Whether the celebrities are the Hollywood version, the corporate executive edition or the latest political rendition, the pandering dialogue is neither inquisitive nor analytical. Whether addressing business or politics, our media has become boringly consistent and vacuous as if every news program or publication was its own adaptation of People magazine. Pretty pictures passing by, saying nothing, providing no insight or truth, but shouting, "look at me, I am a trademark."
We witnessed in dismay as not a single member of the media questioned the irrational invasion of Iraq. We watched interviews adoringly pander to too many business leaders of corporate America as they abused their positions, and in some cases personally took hundreds of millions, even billions of dollars, from their corporate coffers. More than a few committed acts that should have been considered fraudulent, but were acceptable because everybody else was doing it. The business media simply looked on approvingly as ethics evaporated . They would not dare question celebrity, or inquire uncomfortably of those who might stop advertising and therefore affect their paychecks. What else can we expect when there is greater concern for the interviewer's sex appeal or status, than for the quality of the interview. It is not that the interviewers are airheads, far from it. It is simply not their job to delve, probe or question, plowing for truth, while well armed with information. The objective is to attract audience and advertising."
It may be some time before we recover from the lack of analysis into the ideological games that were played by politicians manipulating the levers of influence that created the housing bubble. Not one member of the Administration, present or previous, nor any member of Congress, has been purposefully brought to task by anyone in the mainstream media. We have not benefitted from any vigorous investigate reporting on the creation of the financial fiasco currently being endured and creating stress for all taxpayers. Where are our 21st Century versions of Woodward and Bernstein? The few who attempt such efforts are independent, and considered marginal. Their labors bear little fruit. If the mainstream media doesn't pick up the story, its likelihood of gaining traction is minimal at best.

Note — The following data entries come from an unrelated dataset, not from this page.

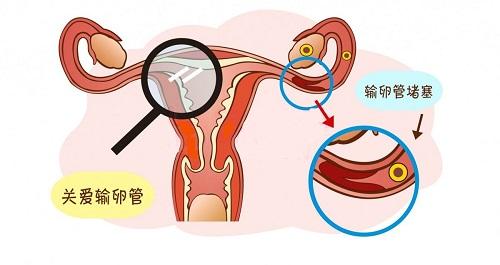 输卵管造影的利弊？有没有更好的检查方法？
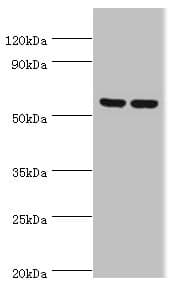 PRKAG3 / AMPK Gamma 3 Antibody (aa1-210)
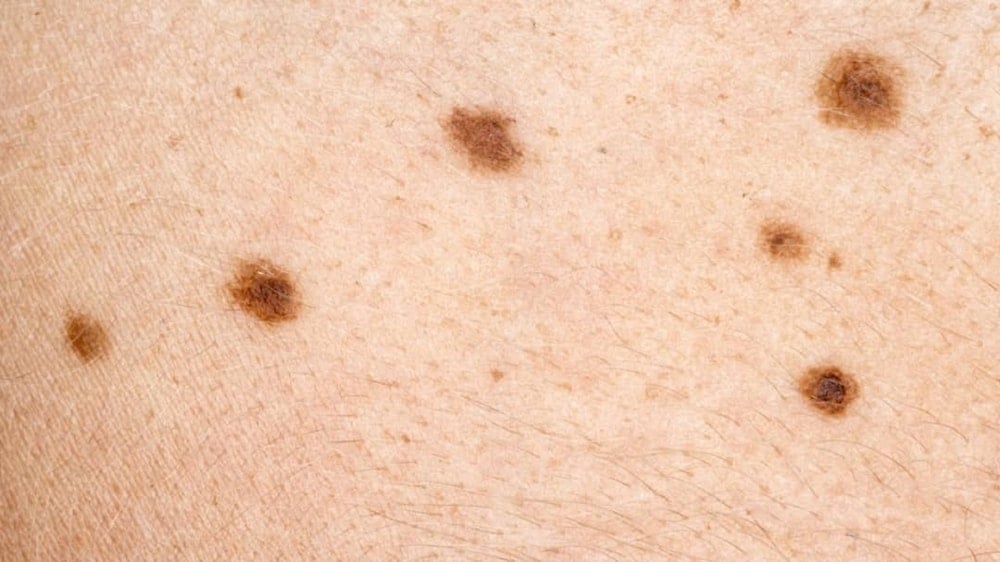 ¿Cómo prevenir el cáncer de piel?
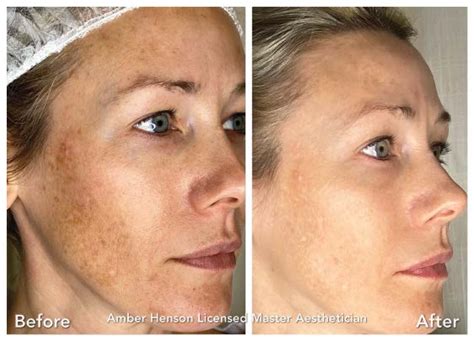 Melasma Treatment Nyc Lasers Microneedling Skin Care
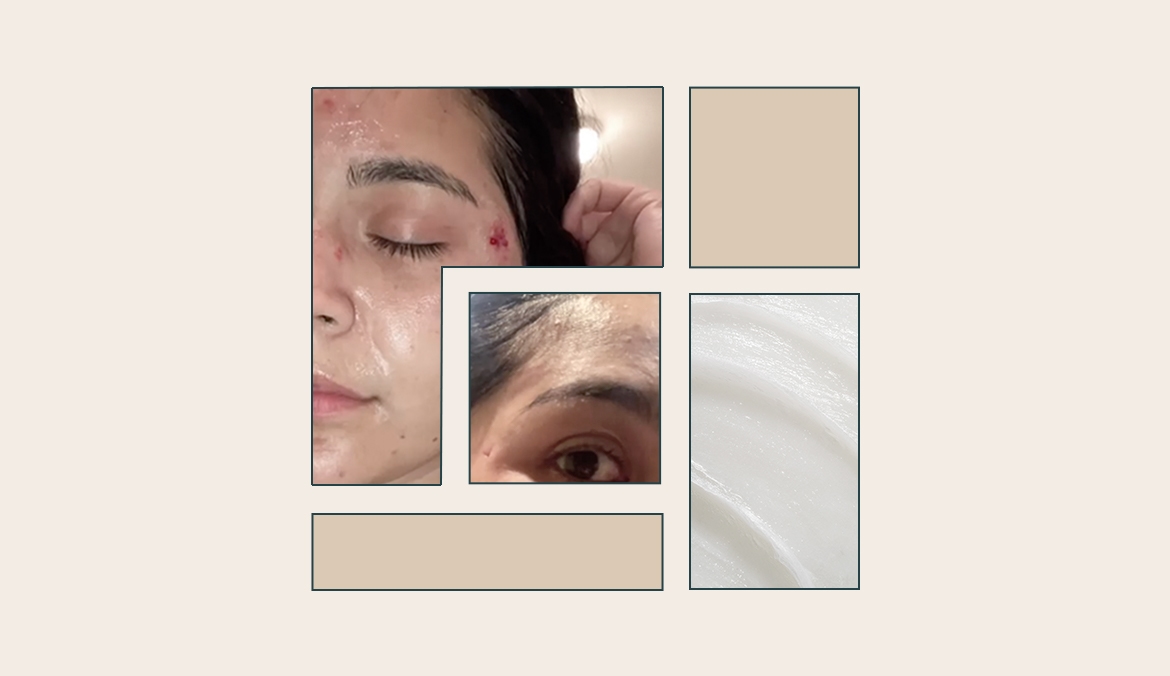 Featured image for CeraVe's $17 Healing Ointment Vanished the Facial Scars I Thought Would Never, Ever Go Away
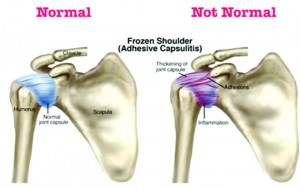 Frozen shoulder - Jammu Kashmir Latest News | Tourism | Breaking News J&K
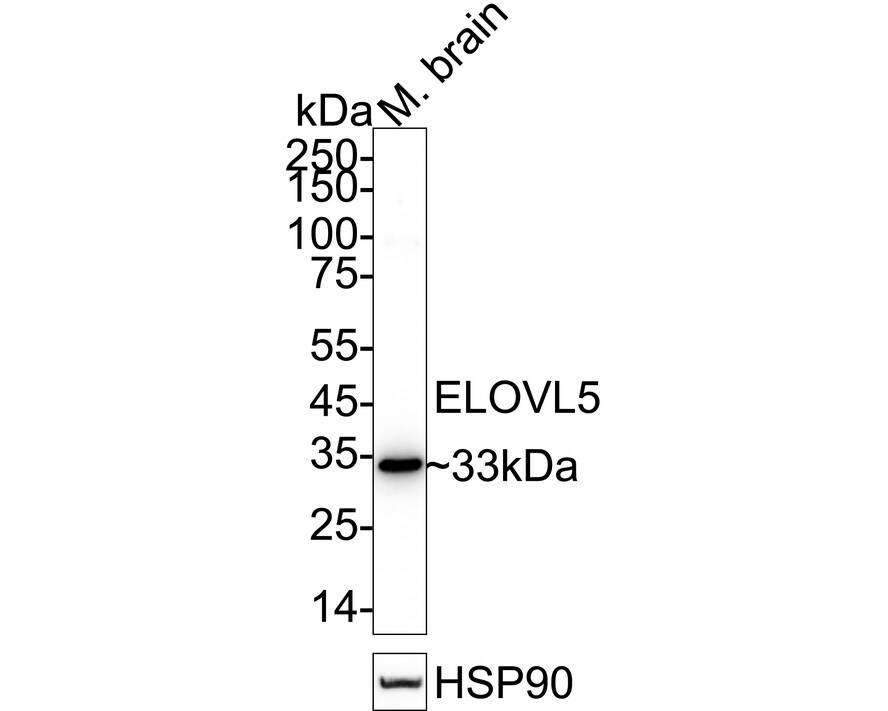 ELOVL5 Antibody (JE65-70) Western Blot: ELOVL5 Antibody (JE65-70) [NBP3-32305]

It is fortunate that the internet's pervasive presence provides ample sources for those who wish to research. While there are stimulating ideas coming out of the blogosphere, expecting great things from the net now appears to be misguided. The influential web sites also need advertisers. They rush to attract more eyes than the next, and in so doing, only join the ranks of the irrelevant, ratings obsessed, mainstream media.
And so, we remain passively entertained, perched on the sidelines, as our lives become altered by special interests. We wish we had the time to become energetic participants, but we have jobs, sometimes 2 or 3, the rent is due, and just around the corner tax payments will demand attention. We can't understand it all and wish some elected official would tell us the truth, for once. We yearn for that unusual political candidate that will once elected, keep promises made on the campaign trail. We wish members of the media would be more objective, and occasionally root out some of the schemes siphoning off our tax dollars for purposes no-one understands or cares enough to follow-up on.
The time has come for the phrase, "too big to succeed," to take effect, and become entrenched in our vocabulary, particularly as it relates to members of The Fourth Estate. We need to clamor for a refurbishing of the fourth pillar so necessary in the sustenance of a healthy democracy. The accelerating polarization being perpetrated on society by the entertainment and culture industry posing as, "news," must be reversed, before we return to a state similar to pre-revolutionary France where the Three Estates considered were the Aristocracy, the Clergy, and the People. However, the People had no say in the allocation of their tax money once it was collected.